BEGIN RECORD EXCERPTS

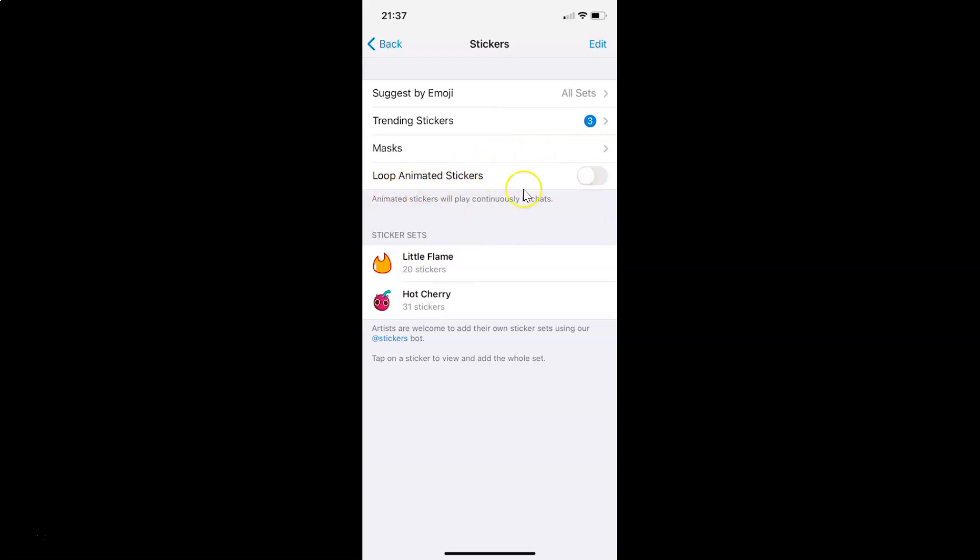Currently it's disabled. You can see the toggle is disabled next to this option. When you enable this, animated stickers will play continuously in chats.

END RECORD EXCERPTS
BEGIN RECORD EXCERPTS

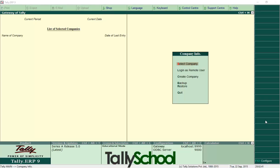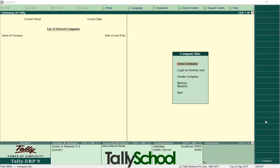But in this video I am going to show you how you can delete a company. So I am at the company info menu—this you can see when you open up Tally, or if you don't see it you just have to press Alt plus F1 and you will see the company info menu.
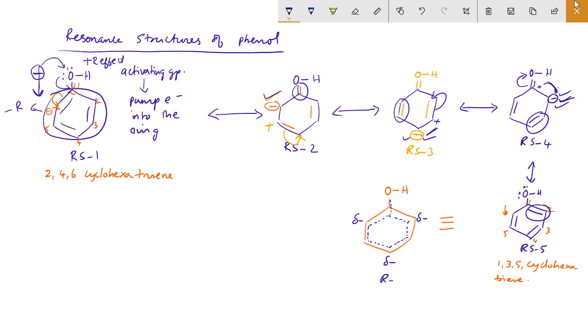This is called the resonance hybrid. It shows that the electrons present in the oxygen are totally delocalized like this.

END RECORD EXCERPTS

▸ TASK ITEM
Copy only this from above: the line containing "But in this", the line containing "This is called", and all lines between, printed exactly. Leave out the pictures.

▸ TASK SOLUTION
But in this video I am going to show you how you can delete a company. So I am at the company info menu—this you can see when you open up Tally, or if you don't see it you just have to press Alt plus F1 and you will see the company info menu.
This is called the resonance hybrid. It shows that the electrons present in the oxygen are totally delocalized like this.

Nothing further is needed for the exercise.